Braun was born in Fulda, Germany, and educated at the University of Marburg and received a Ph.D. from the University of Berlin in 1872. In 1874 he discovered that a point-contact semiconductor rectifies alternating current. He became director of the Physical Institute and professor of physics at the University of Strasbourg in 1895. In 1897 he built the first cathode-ray tube oscilloscope. CRT technology is only now, over a century later, gradually being replaced by flat screen technologies (such as LCD, LED and Plasma) on television sets and computer monitors. The CRT is still called the "Braun tube" (Braunsche Röhre) in German-speaking countries (and in Japan: Buraun-kan).

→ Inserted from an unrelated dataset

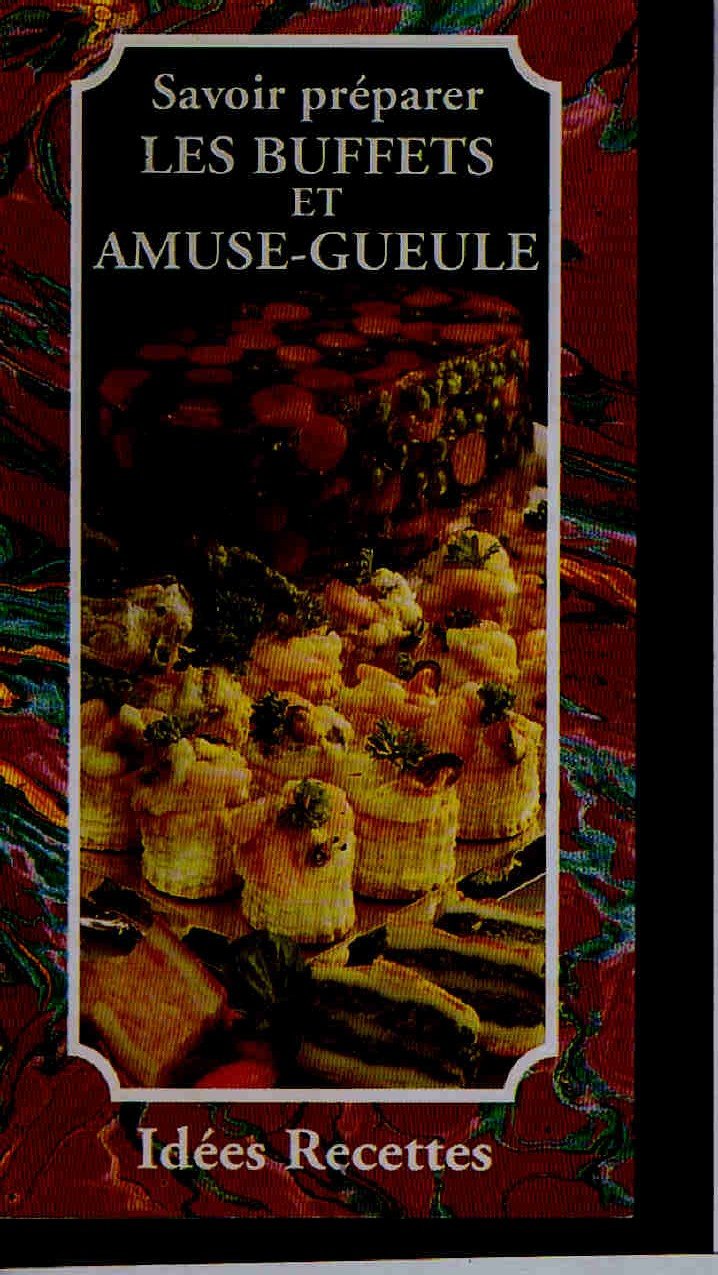 Les buffets et amuse-gueule (Idées recettes) 9782867213069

Braun in his laboratory During the development of radio, he also worked on wireless telegraphy. Around 1898, he invented a crystal diode rectifier or Cat's whisker diode. Guglielmo Marconi used Braun's patents (among others). Braun's British patent on tuning was used by Marconi in many of his tuning patents. Marconi would later admit to Braun himself that he had "borrowed" portions of Braun's work. In 1909 Braun shared the Nobel Prize for physics with Marconi for "contributions to the development of wireless telegraphy." Braun went to the United States at the beginning of World War I (before the U.S. had entered the war) to help defend the German wireless station at Sayville, New York, against attacks by the British-controlled Marconi Corporation. Braun died in his house in Brooklyn, New York, before the war ended in 1918.